INTRODUCE A NEW PRODUCT

Funding your new product or service will be much easier than starting a new company however, depending on your existing profit margins you may not have enough R&D capital to go at it alone.  Taping into your Equity and Debt may be your best funding option in that case. The same ratios of Equity to Debt apply at this lifecycle with high equity and low debt financing being much easier to acquire from local bankers, the government and  private equity than high debt and low equity from venture capitalists.

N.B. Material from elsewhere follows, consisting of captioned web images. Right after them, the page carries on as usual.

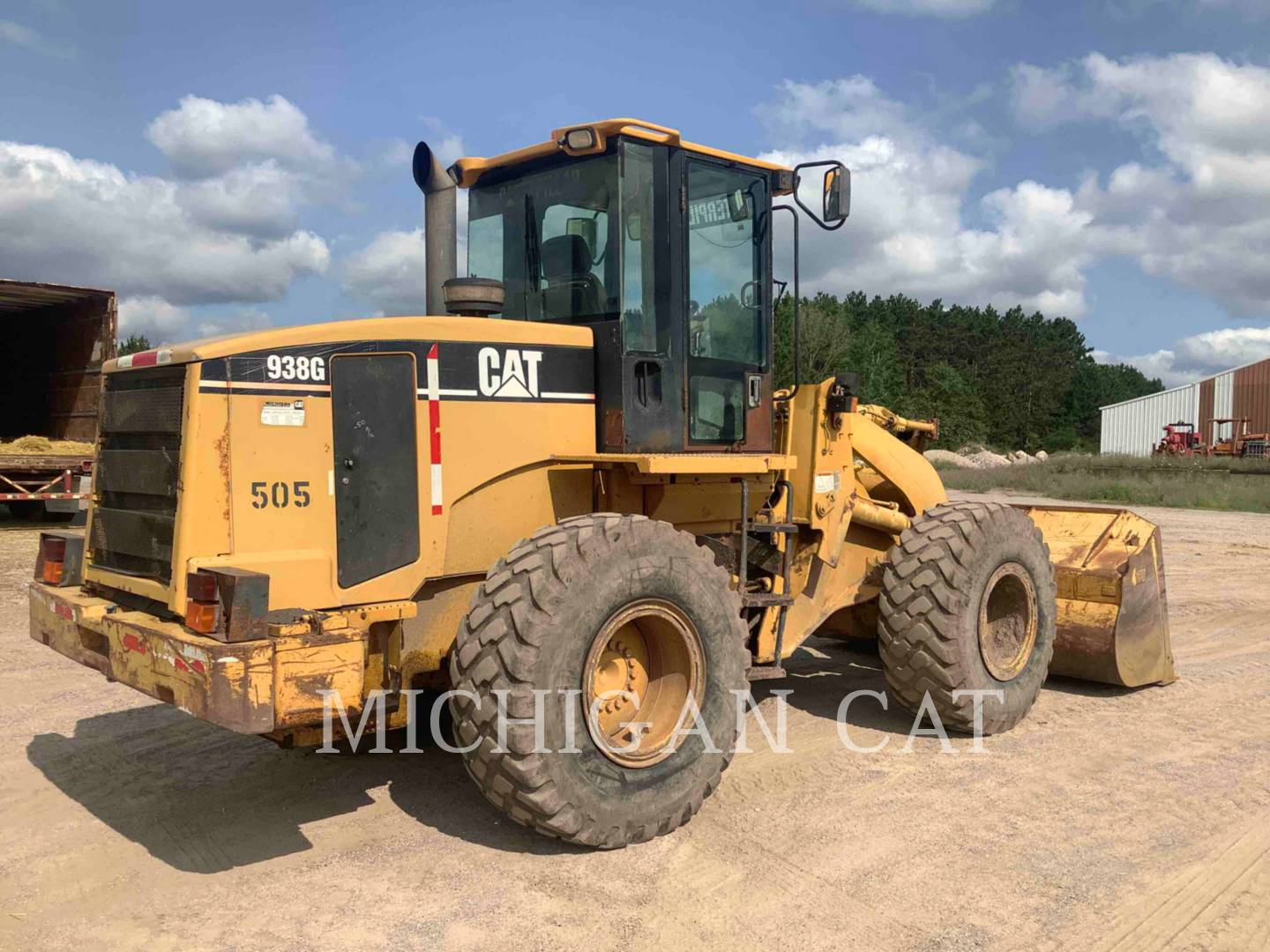 1997 Caterpillar 938G Wheel Loader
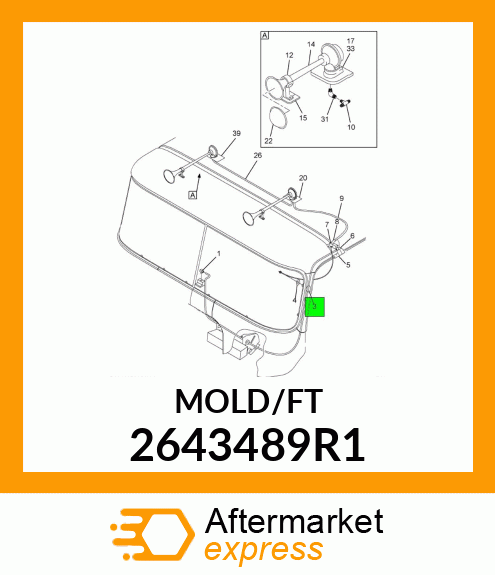 MOLD/FT 2643489R1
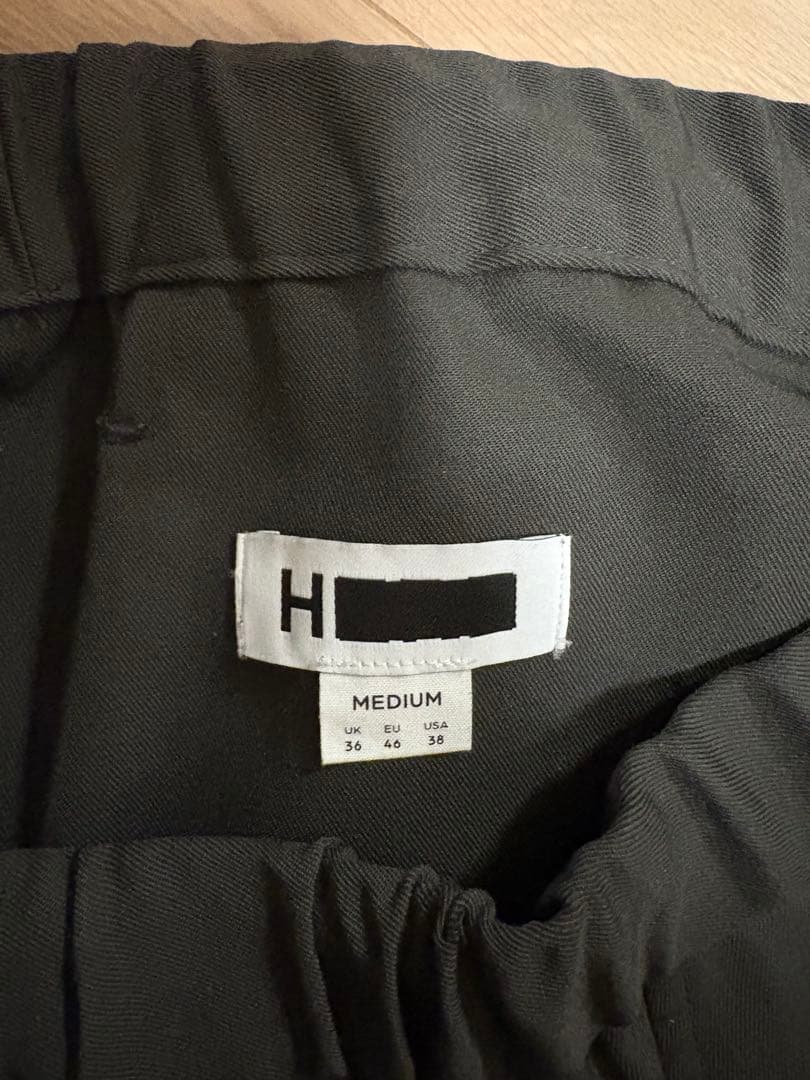 H BEAUTY&YOUTH UNITED ARROWS ウールイージーパンツ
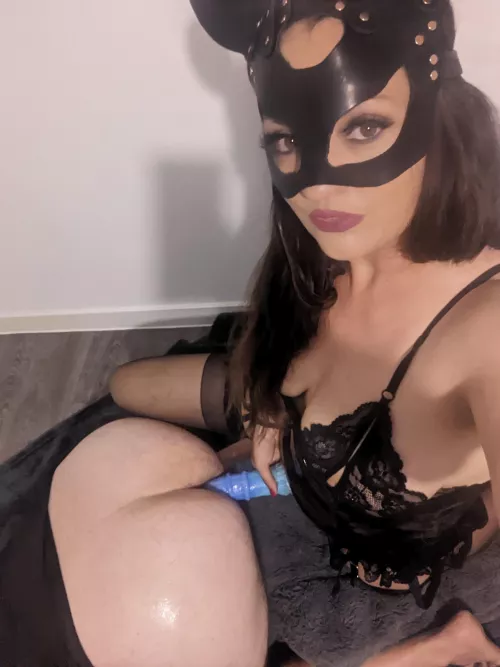 I love stretching his ass out.. so satisfying!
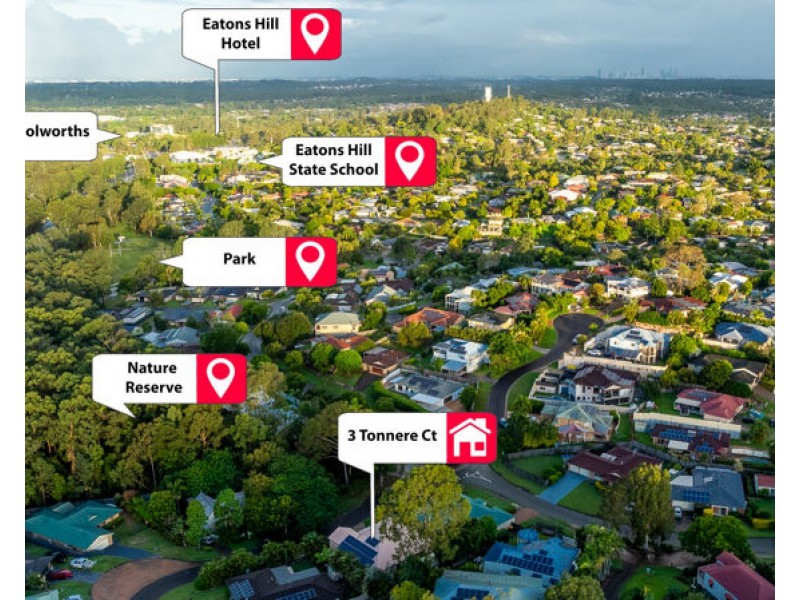 3 Tonnere Court, Eatons Hill QLD 4037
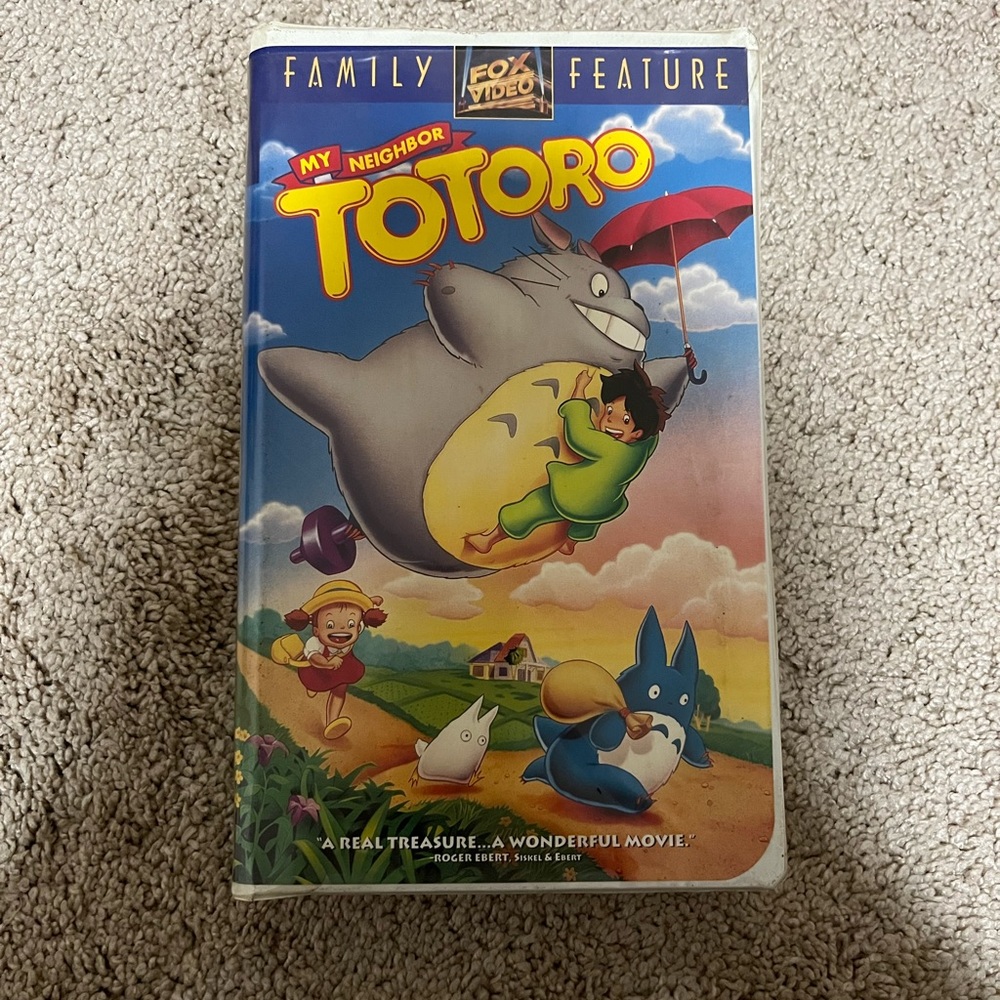 my neighbor Totoro vhs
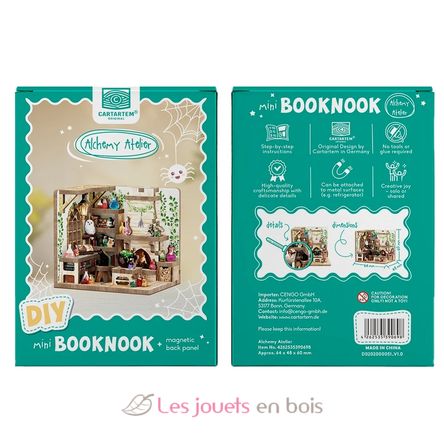 Mini Book Nook Taller de alquimia CT109 Cartartem 8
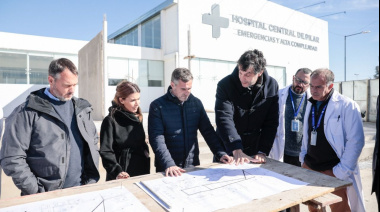 Nueva obra en el Hospital Central: un centro cardiovascular para cuidar a todos los pilarenses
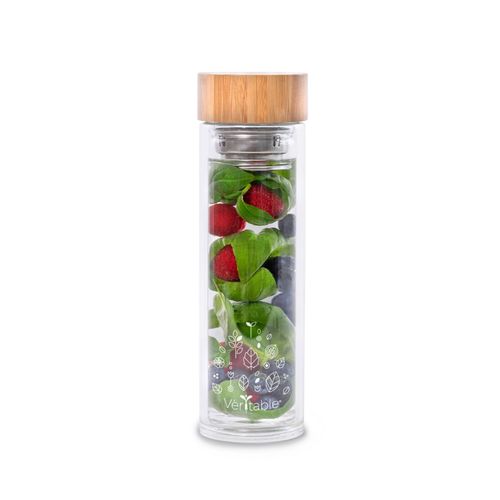 Bouteille Avec Infuseur Pour Eaux Aromatisées Maison Véritable®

DEBT FINANCING  ------------------------------  EQUITY FINANCING
Secured, Short Term, w/Interest            Long Terms, No Payments BUT gain Control


 BANKS / GOVERNMENT 


The SBA Small Business Administration will Guarantee some loan to the Banks in order to fuel economic recoveries, struggling communities and even specific minority groups and natural disaster and/or seasonal fast and Famine loans from local bankers, savings and loans, credit unions and commercial/micro lenders. The lenders will require that the borrower prove their ability to payback the loans either by having personal or business collateral, cash reserves and good  credit. The loans are typically short term/single purpose loans, anywhere between 3-12 months and principal + interest payments will be due monthly. Although the approval process is lengthy it ensures low risks to the lender and allows the borrower to intently carefully consider the business use of the loan. The borrower must provide financial statements for the 2 Years with positive cash flow,  profit & loss and business asset ecords which may be required as depreciated  collateral should the business fail to repay the loan. The institutions may require that the borrower secure 40-60% of the loan upfront.

PRIVATE EQUITY
 
There are over 1,000 private equity firms and the number is growing, however the top 2 firms KPCB & Sequoia account for 31% of all investments with an average return of 5-10% gain over principal and 18-25% of  companies funded failing altogether.  Because of the high risks associated with lending companies with debt which is higher than 4Xs equity will not be funded because they are considered over-leveraged. The companies whose criteria is acceptable to the investors will have to share company control or equity as collateral which allows the lender to sell such equity at any point in order to repay the original investment. The private equity lenders usually have longer loan terms of 4-6 years and will commonly provide the loans in multi-round disbursement at various stages of the business lifecycle such as Start-ups, Early, Growth, Late. There are usually no monthly payments required until either borrower or lender exit the agreement however since the risk/reward ratios are much greater the approval process must include at least 1 million dollars capitalization potential and credentials depicting a strong executive team that is ready to optimize the business for profit by find every possible efficiency in order to grow exponentially and share control in that business decision making process.

CROWD-FUNDING

There are over 200 crowd-funding websites and services that have raised more than 2 billion dollars in the USA and 5 billion worldwide including some of the original consumer gadget trail blazzers like www.kickstarter.com out of Brooklyn, NY who has offered 54 thousand projects while raising 900 Million dollars from 5.4 million pledges/future customers. The average fee for posting a project is 5% and 44% of projects have been funded.  www.indiegogo.com out of California focuses on Arts & Products. They have posted  44 thousand projects and raised 200 million dollars while charging anywhere between 4%-9% processing fees. 34% of the projects have been funded so far.. www.lendingclub.com focuses on personal loans and they have processed 300 thousand loans so far worth around 3 billion dollars while charging an average of 16% APR.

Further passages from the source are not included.